We propose to unify many perspectives about organizing and information with the concept of an Organizing System, an intentionally arranged collection of resources and the interactions they support. This definition brings together several essential ideas that we will briefly introduce in this chapter and then develop in detail in subsequent chapters.

Figure: An Organizing System. depicts a conceptual model of an Organizing System that shows intentionally arranged resources, interactions (distinguished by different types of arrows), and the human and computational agents interacting with the resources in different contexts.

 

An Organizing System

 

A conceptual representation of an Organizing System. The left side, labeled “Arranged Collection of Resources,” presents organized groups of round, square and circular shapes within a circle. The right side, labeled “Supported Interactions,” presents a group of icons representing, for example, a computer terminal, a human agent, a mobile phone, and so on. There is a grouping of four arrows between the two sides; two pointed left and two pointed right.

An Organizing System is a collection of resources arranged in ways that enable people or computational agents to interact with them.

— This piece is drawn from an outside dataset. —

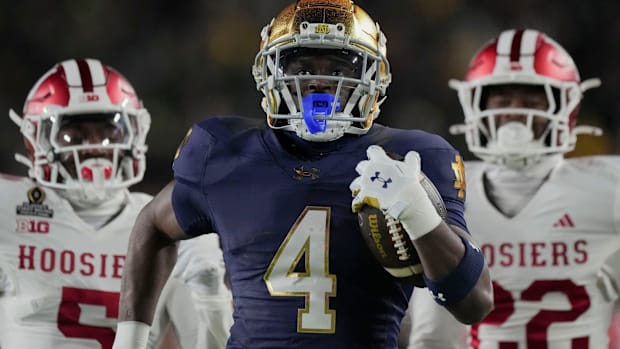 Notre Dame running back Jeremiyah Love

An Organizing System is an abstract characterization of how some collection of resources is described and arranged to enable human or computational agents to interact with the resources. The Organizing System is an architectural and conceptual view that is distinct from the physical arrangement of resources that might embody it, and also distinct from the person, enterprise, or institution that implements and operates it. These distinctions are sometimes hard to maintain in ordinary language; for example, we might describe some set of resource descriptions, organizing principles, and supported interactions as a “library” Organizing System. However, we also need at times to refer to a “library” as the institution in which this Organizing System operates, and of course the idea of a “library” as a physical facility is deeply engrained in language and culture.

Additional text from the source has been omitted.